* Activity *
Write out the listing below in full and exactly, leaving out every picture.

START Data for analysis

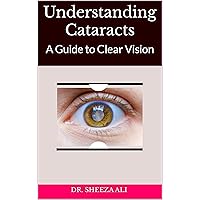 Understanding Cataracts: A Guide to Clear Vision Understanding Cataracts: A Guide to Clear Vision Kindle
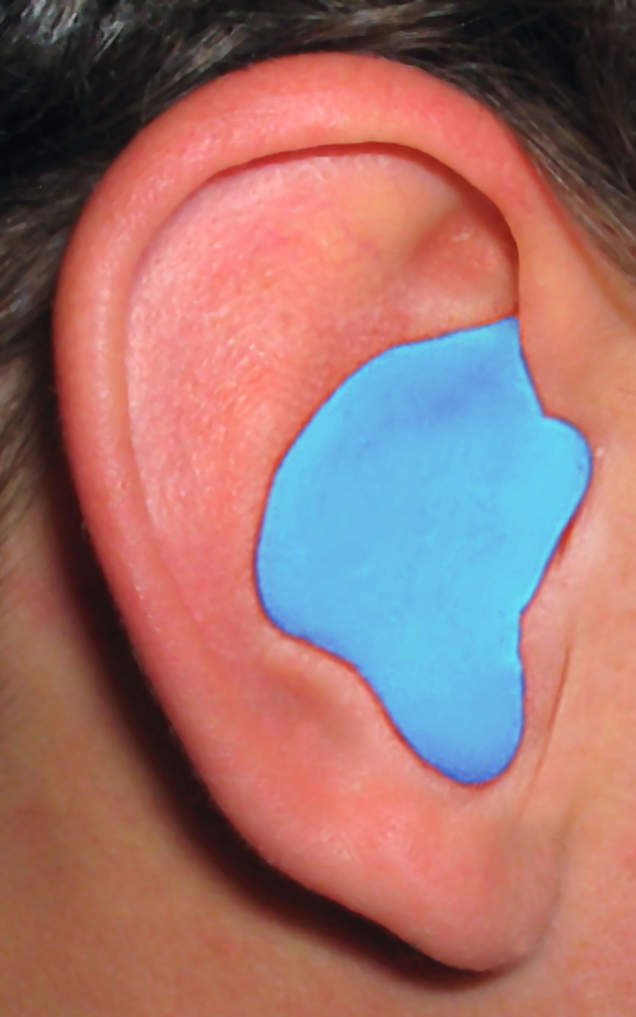 Radians Custom Molded Earplugs (BLUE, ORANGE, RED, PINK, TAN)/ Pair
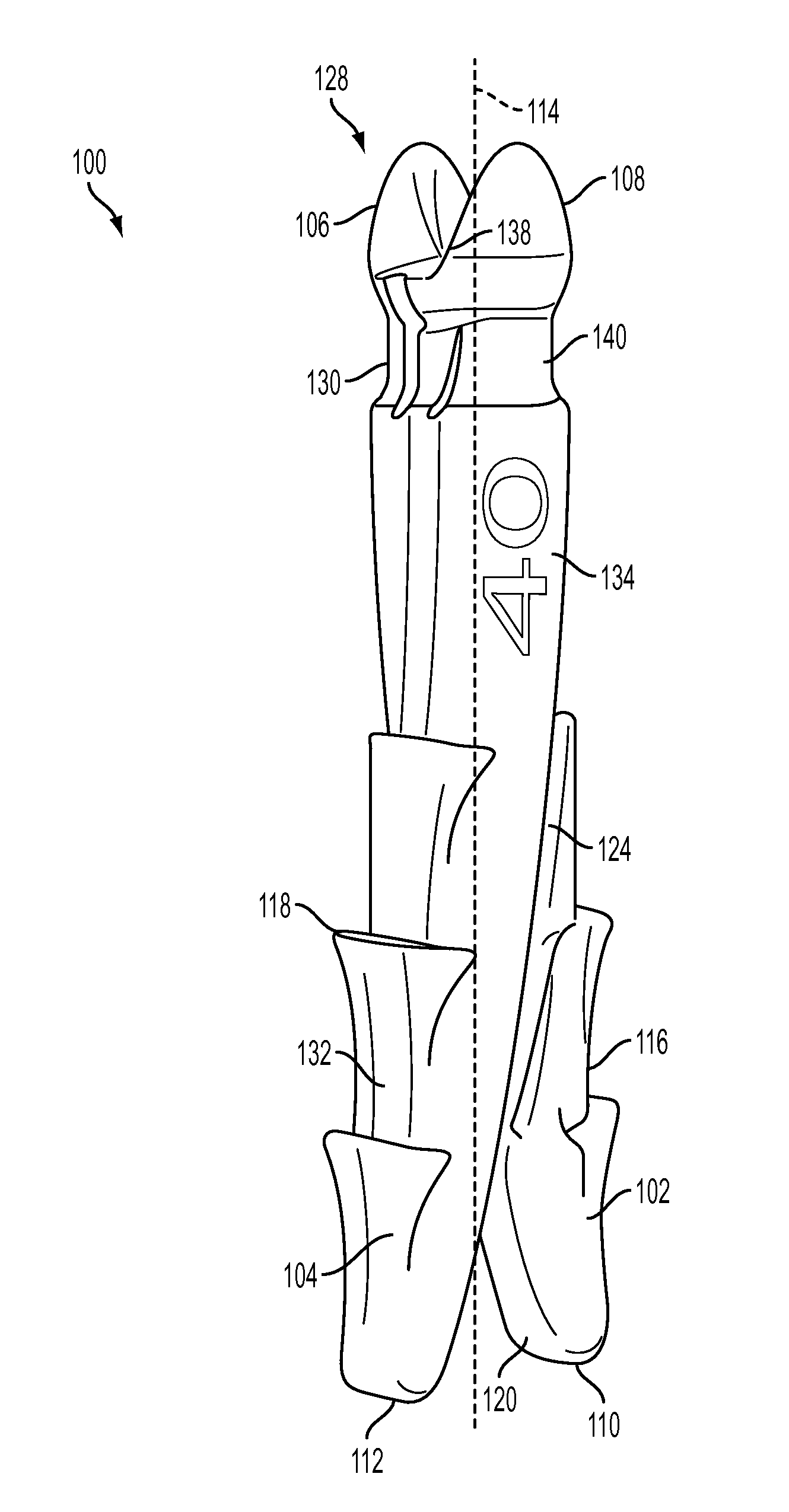 Revisable orthopedic anchor and methods of use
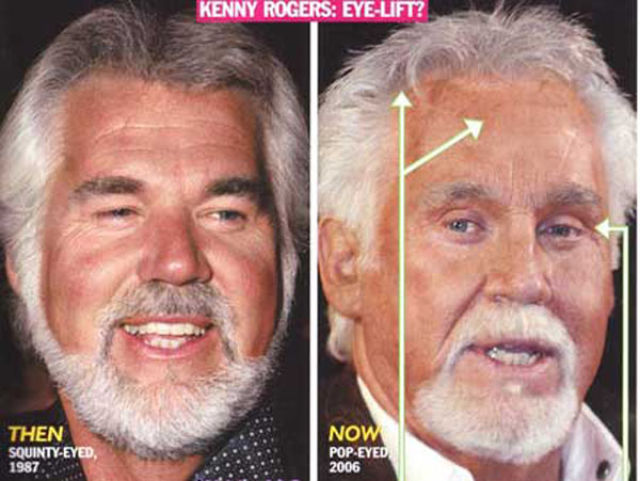 Celebrity Plastic Surgery Before & After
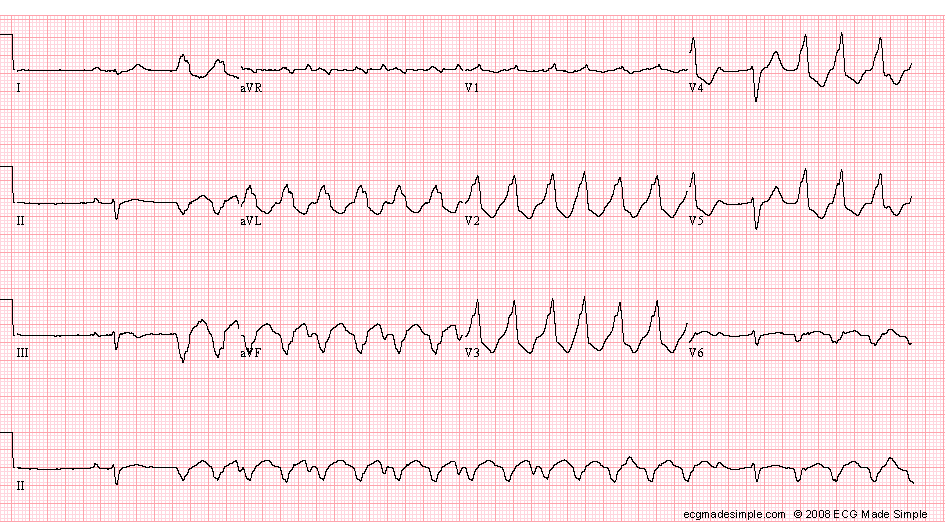 Case 61: A 63-Year-Old Woman with Dilated Cardiomyopathy - ECG Made Simple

END Data for analysis

* Answer to this task *
 Understanding Cataracts: A Guide to Clear Vision Understanding Cataracts: A Guide to Clear Vision Kindle
 Radians Custom Molded Earplugs (BLUE, ORANGE, RED, PINK, TAN)/ Pair
 Revisable orthopedic anchor and methods of use
 Celebrity Plastic Surgery Before & After
 Case 61: A 63-Year-Old Woman with Dilated Cardiomyopathy - ECG Made Simple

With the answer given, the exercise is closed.